* _Stored entries_:
_ _ _

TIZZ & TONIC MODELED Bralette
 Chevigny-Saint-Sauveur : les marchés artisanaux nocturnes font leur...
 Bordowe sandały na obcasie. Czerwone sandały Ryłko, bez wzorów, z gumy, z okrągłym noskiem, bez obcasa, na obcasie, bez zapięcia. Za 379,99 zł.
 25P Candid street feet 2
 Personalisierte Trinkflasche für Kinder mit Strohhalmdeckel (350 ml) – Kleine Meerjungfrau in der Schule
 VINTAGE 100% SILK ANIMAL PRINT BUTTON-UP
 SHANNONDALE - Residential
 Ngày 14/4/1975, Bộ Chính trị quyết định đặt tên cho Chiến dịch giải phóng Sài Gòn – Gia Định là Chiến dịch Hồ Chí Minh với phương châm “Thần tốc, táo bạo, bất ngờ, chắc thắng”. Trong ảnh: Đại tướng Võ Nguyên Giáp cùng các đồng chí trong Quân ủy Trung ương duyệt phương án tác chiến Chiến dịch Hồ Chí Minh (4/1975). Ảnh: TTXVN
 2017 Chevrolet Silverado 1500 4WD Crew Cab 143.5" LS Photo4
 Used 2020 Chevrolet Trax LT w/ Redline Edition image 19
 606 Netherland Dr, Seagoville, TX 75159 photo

_ _ _

* _Assignment_: In the records above, tally the lines where the word "Chevrolet" appears, and give the number and nothing else.

* _Output of the exercise_: 2